Presiden Dina Boluarte dalam sambutannya juga mengungkapkan rasa terima kasih atas undangan yang diberikan oleh pemerintah Indonesia.
Ia menyatakan bahwa kunjungan ini telah lama dirancang sejak pertemuan mereka di KTT APEC.
“Sejak saat itu, kami telah berupaya melalui kementerian dan Kementerian Luar Negeri kami untuk mewujudkan kunjungan ini.
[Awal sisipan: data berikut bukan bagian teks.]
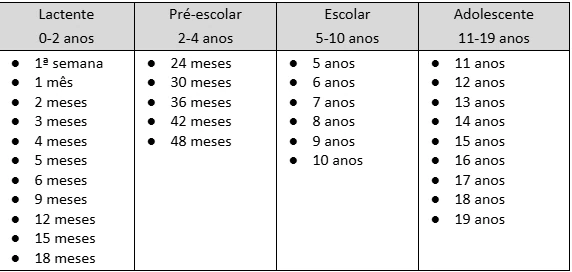 Quadro 1 – Consulta por idade segundo recomendação da Sociedade Brasileira de Pediatria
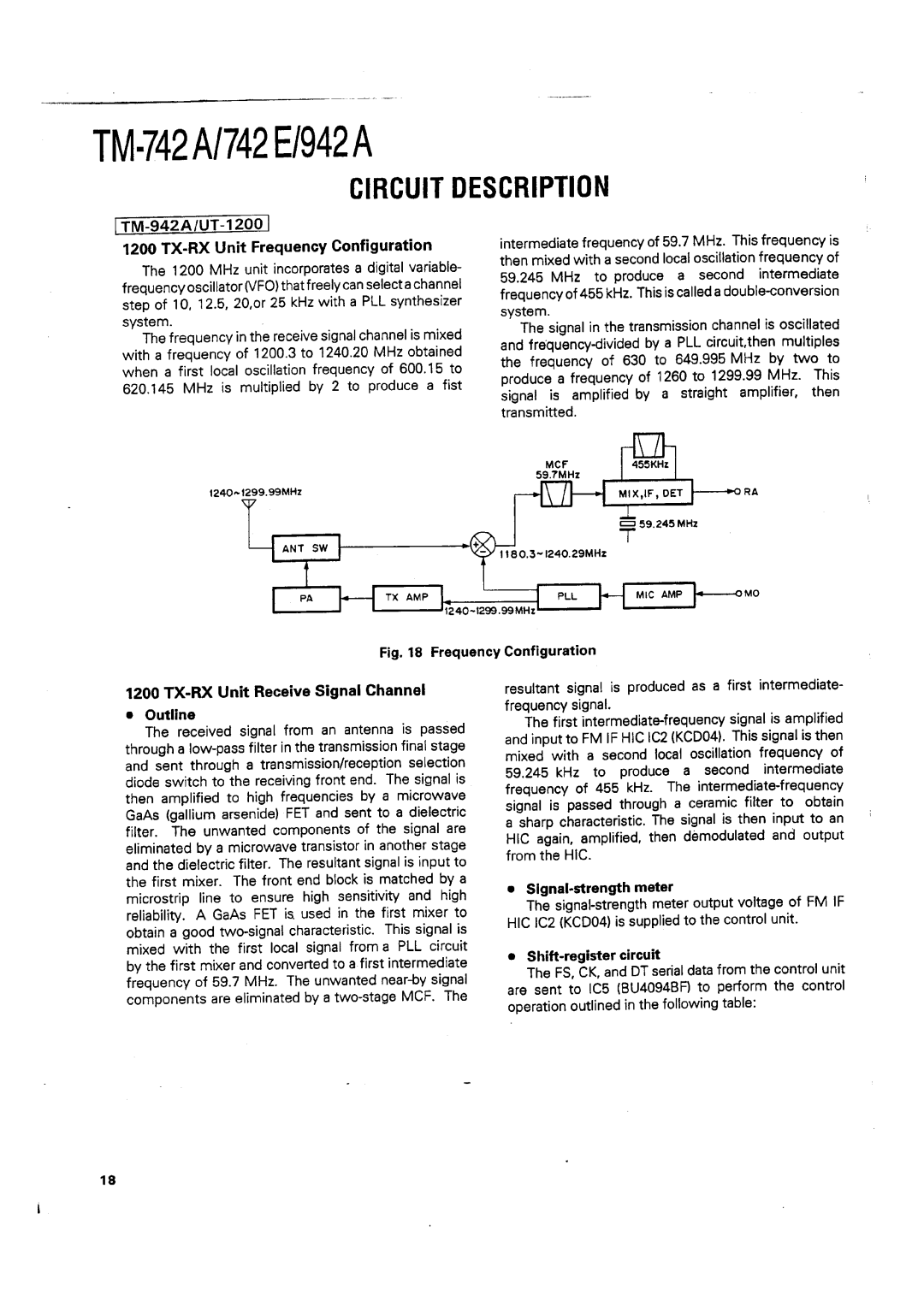 Kenwood TM-742 A/E manual 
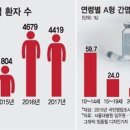 서내과의원 이미지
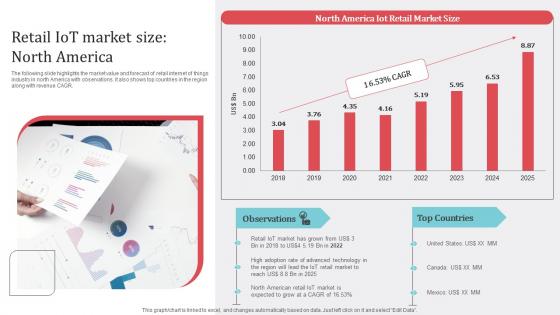 Retail IoT Market Size How Industrial IoT Is Changing Worldwide Portrait Pdf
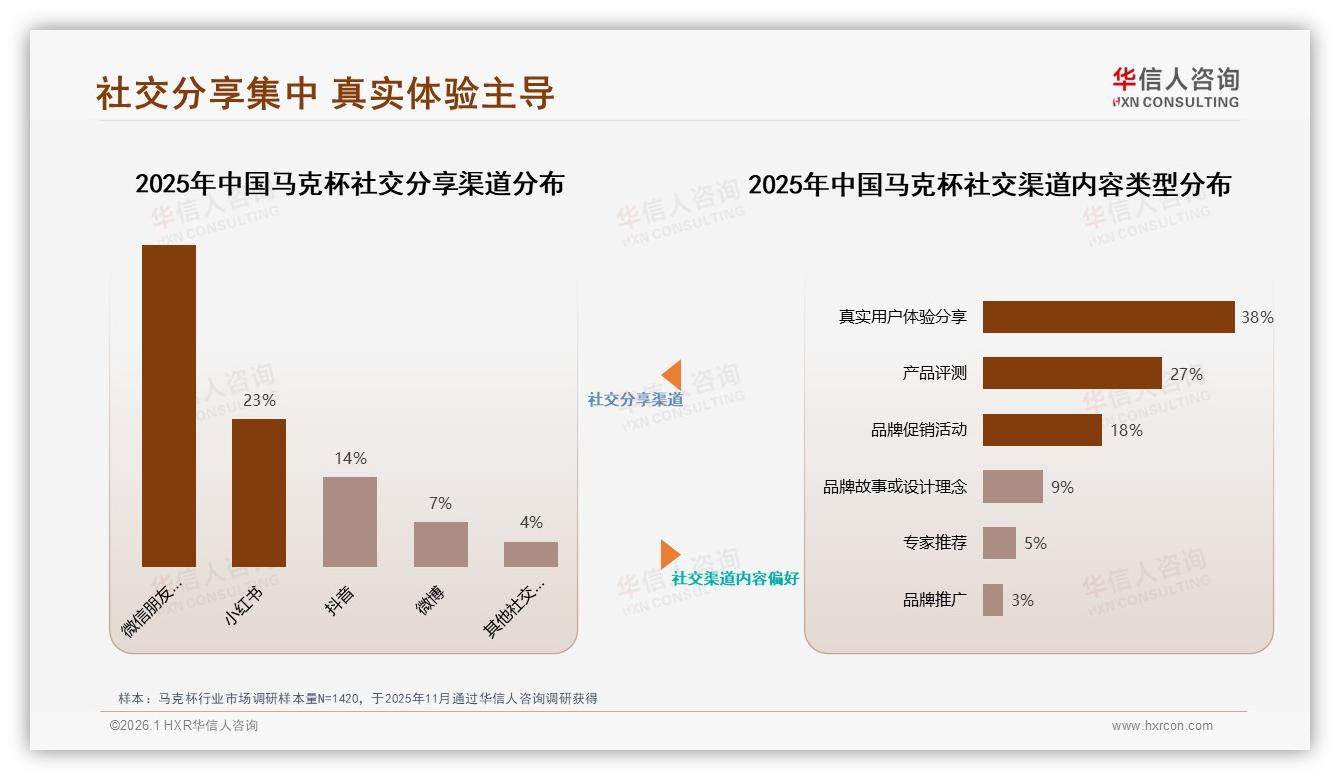华信人咨询数据洞察：26~35岁占比38%马克杯个人自用刚需撬动增量-2026年1月-马克杯-38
Kami ingin bertepatan dengan kunjungan ini, Bapak Presiden, dengan kehadiran kami, mengingat besok, sebagaimana telah Bapak sampaikan, kita akan merayakan 50 tahun persahabatan antara dua negara bersaudara, Indonesia dan Peru,” ucap Presiden Dina Boluarte.
Salah satu capaian konkret dari kunjungan ini adalah komitmen bersama untuk memperkuat kerja sama perdagangan.
Hal ini diwujudkan melalui percepatan ratifikasi CEPA Indonesia–Peru yang membuka peluang besar ekspor komoditas unggulan kedua negara.
Presiden Boluarte menyampaikan bahwa kini produk bluberi asal Peru telah resmi memasuki pasar Indonesia, dan proses untuk membuka akses bagi buah delima juga tengah berlangsung.
“Terima kasih, Bapak Presiden, atas komitmen Bapak, karena hal ini telah mempersingkat proses dan prosedur, dan kini kami dapat mengatakan bahwa hal ini telah terwujud di Peru,” tutur Presiden Dina Boluarte.